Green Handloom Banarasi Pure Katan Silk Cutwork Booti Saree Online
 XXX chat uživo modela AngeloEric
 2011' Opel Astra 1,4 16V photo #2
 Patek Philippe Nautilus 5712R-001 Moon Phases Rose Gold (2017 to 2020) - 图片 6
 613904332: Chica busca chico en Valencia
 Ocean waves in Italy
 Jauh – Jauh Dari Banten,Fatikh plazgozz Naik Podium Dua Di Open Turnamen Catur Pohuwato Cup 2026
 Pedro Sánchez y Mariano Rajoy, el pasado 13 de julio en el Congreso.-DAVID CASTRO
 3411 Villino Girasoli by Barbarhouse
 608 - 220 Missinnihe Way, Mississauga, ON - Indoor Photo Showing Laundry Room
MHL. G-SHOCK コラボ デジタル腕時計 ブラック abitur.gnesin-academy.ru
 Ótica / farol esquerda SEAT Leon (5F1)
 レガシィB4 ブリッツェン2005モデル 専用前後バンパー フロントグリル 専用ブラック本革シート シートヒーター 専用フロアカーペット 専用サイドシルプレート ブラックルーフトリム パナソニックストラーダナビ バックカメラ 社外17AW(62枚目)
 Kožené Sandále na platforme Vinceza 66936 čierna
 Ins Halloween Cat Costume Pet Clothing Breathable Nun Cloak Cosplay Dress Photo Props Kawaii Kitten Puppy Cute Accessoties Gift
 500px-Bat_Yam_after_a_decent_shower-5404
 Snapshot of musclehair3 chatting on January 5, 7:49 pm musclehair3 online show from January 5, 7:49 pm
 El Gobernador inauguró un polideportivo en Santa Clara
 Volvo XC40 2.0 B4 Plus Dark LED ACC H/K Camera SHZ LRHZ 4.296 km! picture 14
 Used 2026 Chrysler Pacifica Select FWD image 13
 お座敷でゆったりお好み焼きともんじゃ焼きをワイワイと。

========================

EXERCISE:
Beginning at the line above that contains "MHL. G-SHOCK コラボ", return each line exactly through the line that contains "500px-Bat_Yam_after_a_decent_shower-5404", and no others.

WRITTEN RESPONSE:
MHL. G-SHOCK コラボ デジタル腕時計 ブラック abitur.gnesin-academy.ru
 Ótica / farol esquerda SEAT Leon (5F1)
 レガシィB4 ブリッツェン2005モデル 専用前後バンパー フロントグリル 専用ブラック本革シート シートヒーター 専用フロアカーペット 専用サイドシルプレート ブラックルーフトリム パナソニックストラーダナビ バックカメラ 社外17AW(62枚目)
 Kožené Sandále na platforme Vinceza 66936 čierna
 Ins Halloween Cat Costume Pet Clothing Breathable Nun Cloak Cosplay Dress Photo Props Kawaii Kitten Puppy Cute Accessoties Gift
 500px-Bat_Yam_after_a_decent_shower-5404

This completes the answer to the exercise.